Horus Heresy
- Sanguinius: Bane of Daemons; Illustrated by Tiernan Trevallion; Card 33 ("Ultra-rare"); "Siege of Terra" booster pack;
- Designers: Ryan Miller; Luke Peterschmidt;
- Illustrators: Many, including:; Adrian Smith; John Blanche; Franz Vohwinkel;
- Publishers: Sabertooth Games
- Publication: 2003
- Years active: 2003–2008
- Genres: Collectible card game
- Languages: English; French; German;
- Players: 2
- Playing time: Approx. 30 min (Base Set)
- Chance: Some
- Age range: 12+
- Skills: Arithmetic; Basic reading ability; Card playing;
- Media type: Playing cards (plastic, foil)

= Horus Heresy (card game) =

Collectible trading card game

Horus Heresy is an out-of-print collectible card game originally produced in 2003 by Sabertooth Games. The game is set in the Warhammer 40,000 fictional universe developed by parent company Games Workshop. It attempts to recreate the struggle between the Loyalist forces of the Emperor of Mankind and the Traitor forces of Warmaster Horus, during the civil war known as the Horus Heresy. The game's development and sale by the publisher were discontinued in 2008, following financial difficulties at the parent company.

==History==
The original game package (Base Set) was released in 2003. The starter pack included several decks, rulesets for the opposing sides, and a variety of accessories and components. Promotional foil cards were also produced, as well as "story cards" that describe the background. Following the game's English language release, versions in other languages were also sold. Booster packs and other companion products were released in the years that followed; the last such set was published in 2005.

The game ruleset and mechanics were designed by Ryan Miller and Luke Peterschmidt. The cards and foils were illustrated by a number of artists from Sabertooth Games' art and design department; background text was provided by Games Workshop writers. The game is set during the Horus Heresy, a galaxy-wide civil war and cornerstone event of the far future fictional universe that is the campaign setting of Games Workshop's Warhammer 40,000 wargame system. The war is set in motion by Horus, previously Warmaster (supreme military commander) of the Imperium of Man and favorite of the Emperor.

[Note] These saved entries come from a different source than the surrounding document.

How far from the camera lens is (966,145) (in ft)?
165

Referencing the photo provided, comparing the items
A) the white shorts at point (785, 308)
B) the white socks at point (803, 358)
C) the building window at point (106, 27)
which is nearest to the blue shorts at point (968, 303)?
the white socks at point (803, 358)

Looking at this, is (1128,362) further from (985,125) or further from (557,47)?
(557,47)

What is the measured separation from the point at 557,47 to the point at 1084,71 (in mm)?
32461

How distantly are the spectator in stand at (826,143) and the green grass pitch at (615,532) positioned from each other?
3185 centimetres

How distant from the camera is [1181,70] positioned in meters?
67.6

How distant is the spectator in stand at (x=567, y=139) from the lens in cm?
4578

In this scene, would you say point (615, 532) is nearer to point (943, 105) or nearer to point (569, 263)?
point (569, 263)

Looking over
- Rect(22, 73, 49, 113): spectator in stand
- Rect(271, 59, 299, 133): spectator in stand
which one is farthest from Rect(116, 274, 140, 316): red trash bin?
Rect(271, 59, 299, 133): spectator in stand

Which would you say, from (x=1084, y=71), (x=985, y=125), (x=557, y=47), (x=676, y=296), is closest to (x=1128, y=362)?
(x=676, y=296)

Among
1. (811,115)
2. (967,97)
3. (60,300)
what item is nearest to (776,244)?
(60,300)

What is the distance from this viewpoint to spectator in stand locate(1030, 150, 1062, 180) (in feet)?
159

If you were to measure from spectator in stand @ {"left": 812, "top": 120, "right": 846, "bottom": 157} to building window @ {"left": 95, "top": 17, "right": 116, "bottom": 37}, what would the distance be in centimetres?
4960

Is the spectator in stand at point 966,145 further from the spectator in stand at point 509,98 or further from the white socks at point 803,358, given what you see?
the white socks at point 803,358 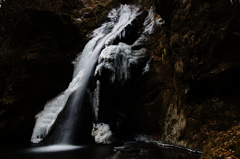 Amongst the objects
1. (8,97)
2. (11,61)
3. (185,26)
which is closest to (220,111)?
(185,26)

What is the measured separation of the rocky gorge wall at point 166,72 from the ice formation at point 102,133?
5.14 feet

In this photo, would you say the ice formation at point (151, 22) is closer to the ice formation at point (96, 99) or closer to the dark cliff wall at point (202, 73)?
the dark cliff wall at point (202, 73)

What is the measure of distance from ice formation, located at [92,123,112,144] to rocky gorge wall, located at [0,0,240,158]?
1.57 m

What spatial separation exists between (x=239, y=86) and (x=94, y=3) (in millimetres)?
18452

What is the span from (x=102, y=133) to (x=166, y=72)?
459 centimetres

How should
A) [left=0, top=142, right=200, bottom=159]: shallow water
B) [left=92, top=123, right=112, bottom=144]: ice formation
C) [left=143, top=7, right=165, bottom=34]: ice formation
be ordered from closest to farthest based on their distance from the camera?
1. [left=0, top=142, right=200, bottom=159]: shallow water
2. [left=92, top=123, right=112, bottom=144]: ice formation
3. [left=143, top=7, right=165, bottom=34]: ice formation

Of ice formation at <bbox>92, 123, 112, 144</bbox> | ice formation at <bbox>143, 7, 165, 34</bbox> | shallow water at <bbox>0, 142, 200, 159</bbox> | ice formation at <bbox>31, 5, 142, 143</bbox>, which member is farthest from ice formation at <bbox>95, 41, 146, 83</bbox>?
shallow water at <bbox>0, 142, 200, 159</bbox>

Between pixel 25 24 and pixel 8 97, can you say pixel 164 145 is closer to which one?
pixel 8 97

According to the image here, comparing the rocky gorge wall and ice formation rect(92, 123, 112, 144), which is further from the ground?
the rocky gorge wall

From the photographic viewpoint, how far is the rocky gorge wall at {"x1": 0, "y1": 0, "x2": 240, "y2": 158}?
430cm

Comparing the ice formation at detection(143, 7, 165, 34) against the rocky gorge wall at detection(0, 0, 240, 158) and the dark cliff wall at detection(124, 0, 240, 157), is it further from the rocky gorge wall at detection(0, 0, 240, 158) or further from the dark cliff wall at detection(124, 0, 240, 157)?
the dark cliff wall at detection(124, 0, 240, 157)

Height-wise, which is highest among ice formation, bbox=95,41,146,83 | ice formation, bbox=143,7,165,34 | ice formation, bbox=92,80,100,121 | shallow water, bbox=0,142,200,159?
ice formation, bbox=143,7,165,34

The setting for each game set (base or expansion) is limited to a single significant battle or confrontation in the Heresy conflict. (Note: The defending player in the Base Set game may choose, as setting, one of two early Heresy campaigns: the Battle of Isstvan III or the Battle of Prospero, each represented on one side of double-sided sector cards.) However the sets as a collection broadly cover the entire span of the campaign, from its earliest major battle to the final confrontation. The illustrations, annotations, and text provided new information on the Horus Heresy in general; the art joined previous work (in other Horus Heresy products) as the event's initial established imagery. Both art and story text were reproduced in later Games Workshop products.

Following the sale of most Sabertooth Games assets by parent company Games Workshop in 2008, further development or sale of the game and related products was discontinued.

==Gameplay overview==
A single game of the Horus Heresy Base Set features two commanders and their respective fleets and armies struggling over control of a planet. The attacker and defender fight for control of three sectors which are deemed key to winning the planet. The game ends if either player captures two sectors, or after four complete turns have elapsed. In the case of neither player capturing two sectors within the allotted play period, whoever has won more sectors (i.e. a single sector while the opponent has none), or the most valuable sector (in the case of each player having won a single sector), wins the game.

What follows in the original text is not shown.